Dr. Heather ReaderCanada Research Chair in Chemistry of the Ocean and Atmosphere

Phone: 709-864-7280
Email: hreader@mun.ca

Research invovles: Developing new chemical approaches to probe the marine carbon cycle

Research relevance: This research will develop better ways of monitoring the ocean ecosystem and enhance our understanding of the global ocean carbon cycle

Unraveling the puzzle of organic matter in the ocean
97% of the organic carbon in the ocean is dissolved; that’s 32 times as much carbon than is in all of the living organisms in the ocean, from the tiny phytoplankton to the blue whales. Despite being so big, we know very little about what individual chemicals make up dissolved organic matter, making determining its role in the global carbon cycle challenging.
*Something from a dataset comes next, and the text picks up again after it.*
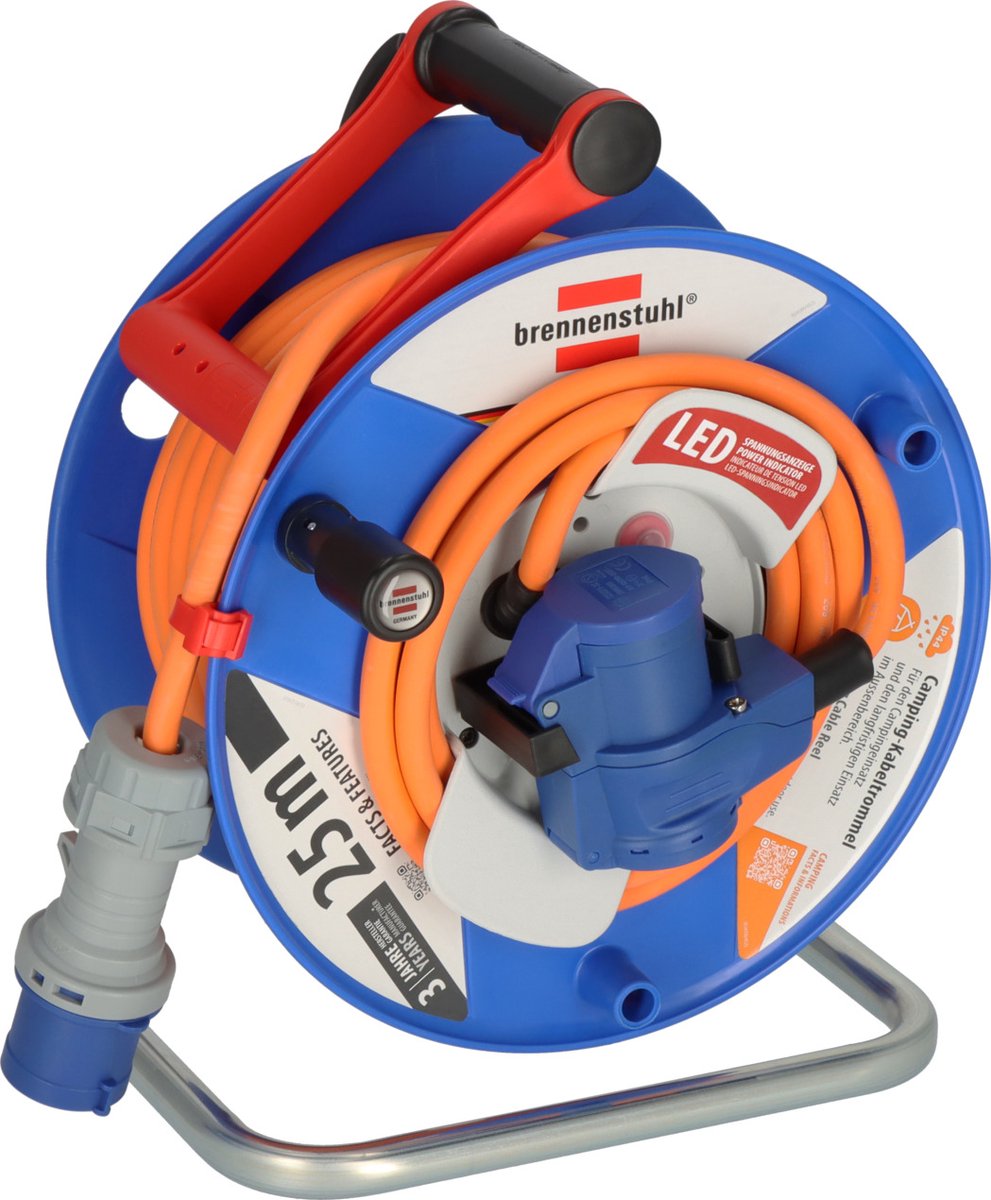 Enrouleur de câble de camping Brennerstuhl avec 25 m de câble orange avec indicateur de tension LED (enrouleur de câble CEE 230 V avec fiche coudée CEE avec fiche combinée de terre, pour une utilisation permanente en extérieur, fabriqué en Allemagne)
Chemically, dissolved organic matter is very complex, leading different fractions to function in very different ways in the marine ecosystem. For example, some fractions of dissolved organic matter are very good food sources for microbes at the bottom of the food chain, and are recycled very quickly in the surface ocean. On the other hand, a very large fraction resists biodegradation and chemical degradation and acts as a form of carbon storage throughout the ocean.
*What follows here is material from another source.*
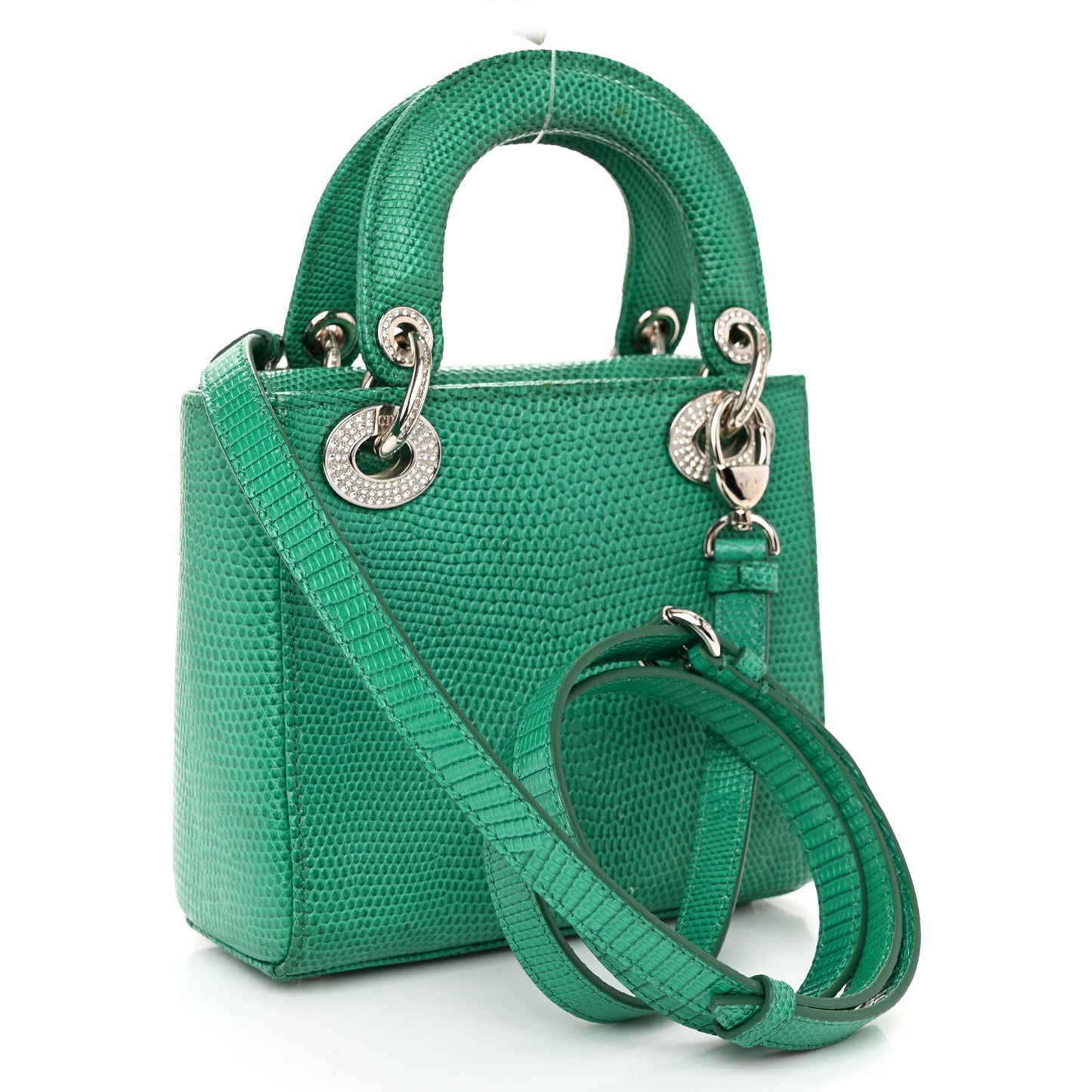 Lizard Swarovski Crystal Mini Lady Dior Green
From coastal systems to the open ocean, Dr. Reader uses novel combinations of chemical analysis to figure out the puzzle of dissolved organic matter. Applying statistical approaches to complicated chemical datasets, Dr. Reader is developing smarter ways of tracing where dissolved organic matter comes from, how it has interacted with the marine ecosystem in the past, and where it will end up in the future.

Dr. Reader’s work will help to decipher the various roles that dissolved organic matter plays in the environment. The development of new methods to analyze the chemical nature of this carbon will allow for better monitoring of shifts in marine ecosystems, and will lead to a more complete understanding of the part that the oceans play in our complex physical world.